▸ INPUT DATA
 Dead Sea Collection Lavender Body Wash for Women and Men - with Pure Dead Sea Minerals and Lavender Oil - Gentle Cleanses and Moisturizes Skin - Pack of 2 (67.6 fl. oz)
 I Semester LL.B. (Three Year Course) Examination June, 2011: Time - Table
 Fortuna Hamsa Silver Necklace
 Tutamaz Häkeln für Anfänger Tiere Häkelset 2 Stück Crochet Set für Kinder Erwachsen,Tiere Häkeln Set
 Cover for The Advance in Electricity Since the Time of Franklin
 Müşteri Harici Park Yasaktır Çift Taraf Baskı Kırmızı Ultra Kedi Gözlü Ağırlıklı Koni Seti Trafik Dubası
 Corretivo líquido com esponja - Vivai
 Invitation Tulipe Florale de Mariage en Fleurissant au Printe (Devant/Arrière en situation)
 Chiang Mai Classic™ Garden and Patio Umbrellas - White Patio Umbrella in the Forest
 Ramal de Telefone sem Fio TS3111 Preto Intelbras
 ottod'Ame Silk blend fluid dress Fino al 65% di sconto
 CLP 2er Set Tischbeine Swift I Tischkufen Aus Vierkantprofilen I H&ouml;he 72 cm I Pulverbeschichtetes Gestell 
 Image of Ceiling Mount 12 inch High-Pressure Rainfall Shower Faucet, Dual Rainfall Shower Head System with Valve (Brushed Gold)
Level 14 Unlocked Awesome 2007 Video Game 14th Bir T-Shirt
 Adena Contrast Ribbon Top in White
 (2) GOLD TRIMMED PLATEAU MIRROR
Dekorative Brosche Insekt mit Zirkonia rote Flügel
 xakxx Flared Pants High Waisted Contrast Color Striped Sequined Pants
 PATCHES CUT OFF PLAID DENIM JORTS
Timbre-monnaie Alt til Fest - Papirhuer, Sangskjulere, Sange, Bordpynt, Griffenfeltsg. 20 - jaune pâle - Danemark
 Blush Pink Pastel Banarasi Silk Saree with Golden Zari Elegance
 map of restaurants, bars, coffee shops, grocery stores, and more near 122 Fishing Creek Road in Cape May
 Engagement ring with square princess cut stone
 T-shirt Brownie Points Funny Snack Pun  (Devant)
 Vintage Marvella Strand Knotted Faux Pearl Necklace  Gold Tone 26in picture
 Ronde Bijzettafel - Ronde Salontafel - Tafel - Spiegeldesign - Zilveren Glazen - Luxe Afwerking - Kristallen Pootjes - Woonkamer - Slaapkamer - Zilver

▸ TASK PROMPT
Above are the records. Copy the lines beginning at the one that has "Müşteri Harici Park" and ending with the one that has "ottod'Ame Silk blend", unchanged.

▸ ANSWER TO THE EXERCISE
 Müşteri Harici Park Yasaktır Çift Taraf Baskı Kırmızı Ultra Kedi Gözlü Ağırlıklı Koni Seti Trafik Dubası
 Corretivo líquido com esponja - Vivai
 Invitation Tulipe Florale de Mariage en Fleurissant au Printe (Devant/Arrière en situation)
 Chiang Mai Classic™ Garden and Patio Umbrellas - White Patio Umbrella in the Forest
 Ramal de Telefone sem Fio TS3111 Preto Intelbras
 ottod'Ame Silk blend fluid dress Fino al 65% di sconto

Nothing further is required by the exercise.